_EXERCISE DETAILS_:
Copy exactly, from the beginning of the material below, every line up to and including the one holding "May include: A", with the pictures left out.
== COLLECTED MATERIAL
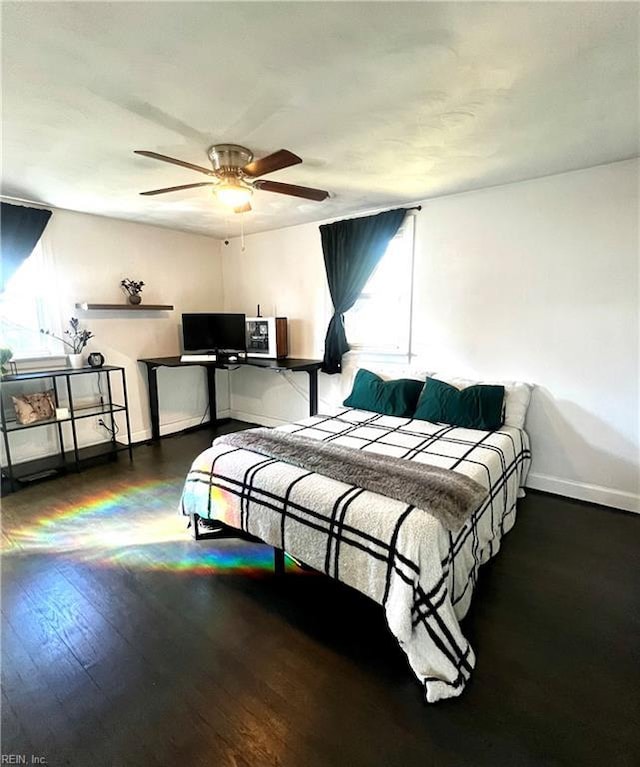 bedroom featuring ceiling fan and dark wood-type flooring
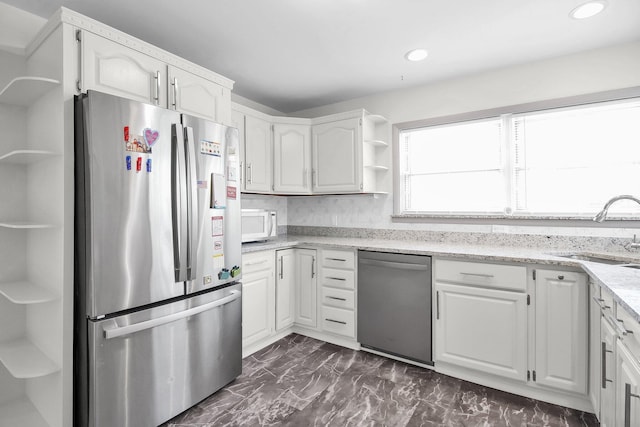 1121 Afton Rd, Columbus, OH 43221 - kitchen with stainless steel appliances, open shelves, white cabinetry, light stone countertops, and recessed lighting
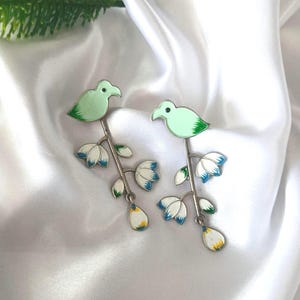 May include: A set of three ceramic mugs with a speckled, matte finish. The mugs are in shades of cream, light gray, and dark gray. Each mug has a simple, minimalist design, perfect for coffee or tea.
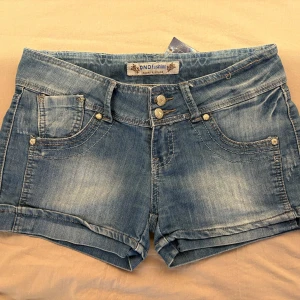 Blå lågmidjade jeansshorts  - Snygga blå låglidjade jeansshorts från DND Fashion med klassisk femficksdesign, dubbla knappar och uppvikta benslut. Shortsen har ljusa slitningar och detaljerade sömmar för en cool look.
====
_ANSWER_:
 bedroom featuring ceiling fan and dark wood-type flooring
 1121 Afton Rd, Columbus, OH 43221 - kitchen with stainless steel appliances, open shelves, white cabinetry, light stone countertops, and recessed lighting
 May include: A set of three ceramic mugs with a speckled, matte finish. The mugs are in shades of cream, light gray, and dark gray. Each mug has a simple, minimalist design, perfect for coffee or tea.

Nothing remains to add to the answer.